### TASK DESCRIPTION
Using the data below, show every line where the word "Shampoo" occurs.

### RECORDED INFORMATION
BEGIN

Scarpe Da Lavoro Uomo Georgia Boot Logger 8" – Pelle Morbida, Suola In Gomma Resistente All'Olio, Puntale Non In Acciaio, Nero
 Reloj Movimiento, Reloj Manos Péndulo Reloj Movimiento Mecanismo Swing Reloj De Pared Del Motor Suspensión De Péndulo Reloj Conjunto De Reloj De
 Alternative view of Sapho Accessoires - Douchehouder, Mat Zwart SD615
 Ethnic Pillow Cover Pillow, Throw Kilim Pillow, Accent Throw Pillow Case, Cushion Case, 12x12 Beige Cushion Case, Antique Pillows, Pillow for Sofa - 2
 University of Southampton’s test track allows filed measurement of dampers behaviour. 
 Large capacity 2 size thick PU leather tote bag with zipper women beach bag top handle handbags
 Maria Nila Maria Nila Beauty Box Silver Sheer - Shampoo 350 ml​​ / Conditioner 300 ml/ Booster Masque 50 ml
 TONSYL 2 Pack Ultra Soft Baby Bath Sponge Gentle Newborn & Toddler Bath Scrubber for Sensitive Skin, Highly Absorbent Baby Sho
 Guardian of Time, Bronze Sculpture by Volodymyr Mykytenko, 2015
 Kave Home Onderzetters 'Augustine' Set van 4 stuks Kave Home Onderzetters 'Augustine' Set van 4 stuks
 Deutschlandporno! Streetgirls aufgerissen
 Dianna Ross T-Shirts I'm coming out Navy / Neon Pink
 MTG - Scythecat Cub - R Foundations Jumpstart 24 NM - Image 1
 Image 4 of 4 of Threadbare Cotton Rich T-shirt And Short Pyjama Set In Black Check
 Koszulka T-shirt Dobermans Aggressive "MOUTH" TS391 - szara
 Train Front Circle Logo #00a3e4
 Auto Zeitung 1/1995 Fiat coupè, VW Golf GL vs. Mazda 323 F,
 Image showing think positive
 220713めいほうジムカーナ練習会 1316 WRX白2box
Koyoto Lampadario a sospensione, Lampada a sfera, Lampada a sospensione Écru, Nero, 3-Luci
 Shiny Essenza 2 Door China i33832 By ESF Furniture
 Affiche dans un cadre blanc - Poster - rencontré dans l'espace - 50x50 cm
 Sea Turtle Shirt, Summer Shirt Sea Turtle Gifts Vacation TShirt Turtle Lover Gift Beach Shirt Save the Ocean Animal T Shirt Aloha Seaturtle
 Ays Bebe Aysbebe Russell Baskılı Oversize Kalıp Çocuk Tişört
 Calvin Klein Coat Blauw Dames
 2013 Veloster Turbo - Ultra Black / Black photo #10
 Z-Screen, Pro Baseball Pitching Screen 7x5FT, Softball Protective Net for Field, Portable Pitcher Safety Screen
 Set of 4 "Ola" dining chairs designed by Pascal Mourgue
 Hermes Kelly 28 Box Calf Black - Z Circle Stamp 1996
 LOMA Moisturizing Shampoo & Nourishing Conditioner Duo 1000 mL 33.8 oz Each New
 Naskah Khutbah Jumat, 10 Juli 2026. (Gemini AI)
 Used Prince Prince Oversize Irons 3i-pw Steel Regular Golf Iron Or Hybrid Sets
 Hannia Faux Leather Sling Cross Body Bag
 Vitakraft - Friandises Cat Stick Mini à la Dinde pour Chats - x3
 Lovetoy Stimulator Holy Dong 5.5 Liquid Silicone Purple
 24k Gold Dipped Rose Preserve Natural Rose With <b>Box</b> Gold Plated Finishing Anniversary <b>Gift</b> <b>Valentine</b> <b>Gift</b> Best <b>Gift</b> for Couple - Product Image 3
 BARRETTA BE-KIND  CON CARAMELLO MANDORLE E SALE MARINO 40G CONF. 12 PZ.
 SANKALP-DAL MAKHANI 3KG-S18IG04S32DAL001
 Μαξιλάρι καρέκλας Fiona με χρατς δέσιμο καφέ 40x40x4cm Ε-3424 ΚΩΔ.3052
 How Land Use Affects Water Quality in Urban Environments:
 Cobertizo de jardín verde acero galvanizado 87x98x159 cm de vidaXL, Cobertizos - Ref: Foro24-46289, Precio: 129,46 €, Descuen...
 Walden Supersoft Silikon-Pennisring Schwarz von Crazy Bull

END

### WRITTEN SOLUTION
 Maria Nila Maria Nila Beauty Box Silver Sheer - Shampoo 350 ml​​ / Conditioner 300 ml/ Booster Masque 50 ml
 LOMA Moisturizing Shampoo & Nourishing Conditioner Duo 1000 mL 33.8 oz Each New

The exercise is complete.